> **Task goal**
Give the listing again in full and exactly, apart from its pictures.

> **Source data**
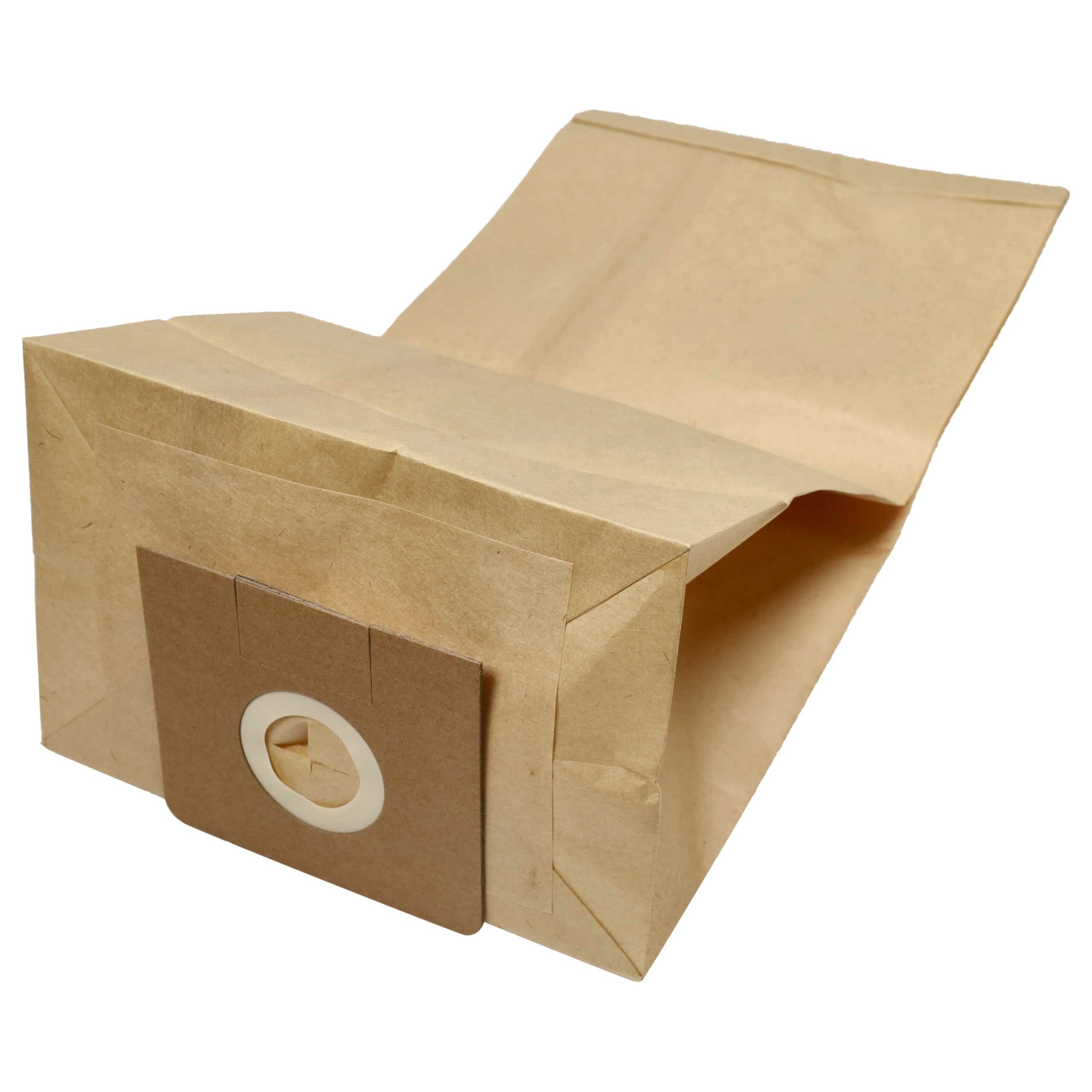 Pack de 50 Sacos de Aspirador vhbw compatíveis com Kärcher 6.904-072, 6.904-076 para Fakir/Nilco - Papel - Image 4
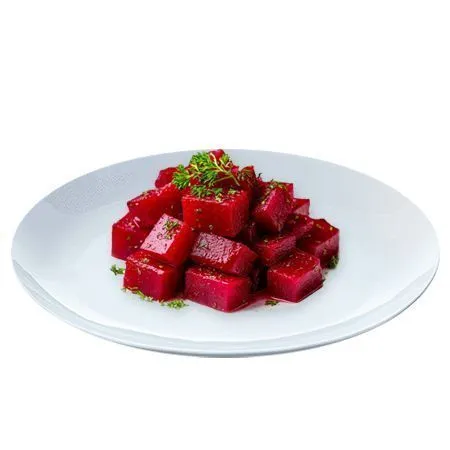 Салат из свеклы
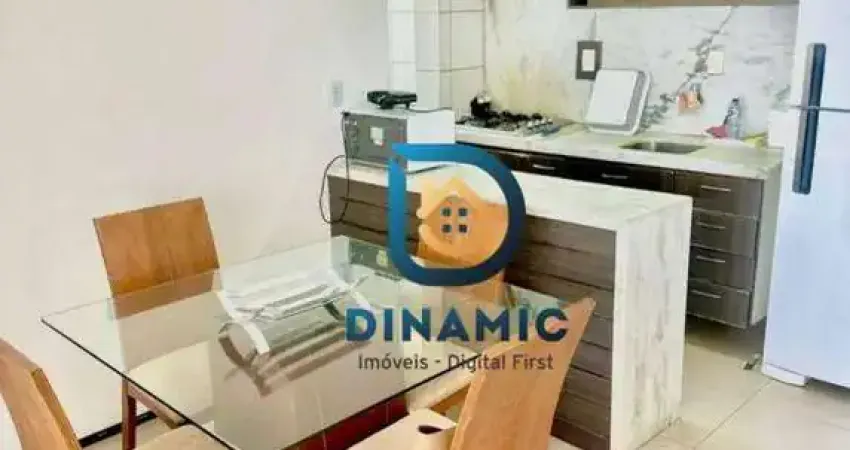 Apartamento com 3 quartos à venda na Rua Mário Mamede, Fátima, Fortaleza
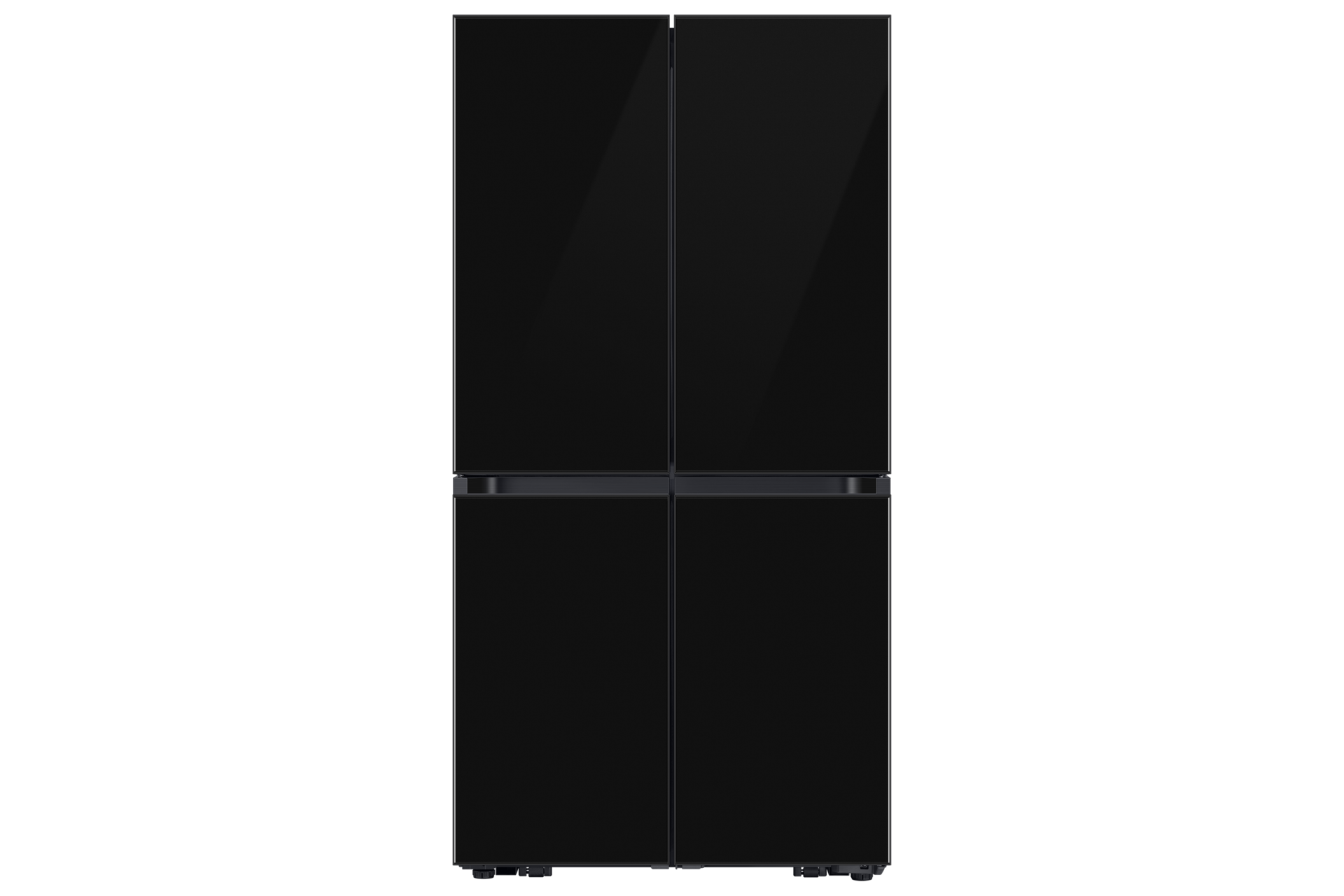 Bespoke Refrigerator FDR RF65DB90B022 Triple Cooling 24.0 cu.ft. Clean Black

> **Exercise answer**
 Pack de 50 Sacos de Aspirador vhbw compatíveis com Kärcher 6.904-072, 6.904-076 para Fakir/Nilco - Papel - Image 4
 Салат из свеклы
 Apartamento com 3 quartos à venda na Rua Mário Mamede, Fátima, Fortaleza
 Bespoke Refrigerator FDR RF65DB90B022 Triple Cooling 24.0 cu.ft. Clean Black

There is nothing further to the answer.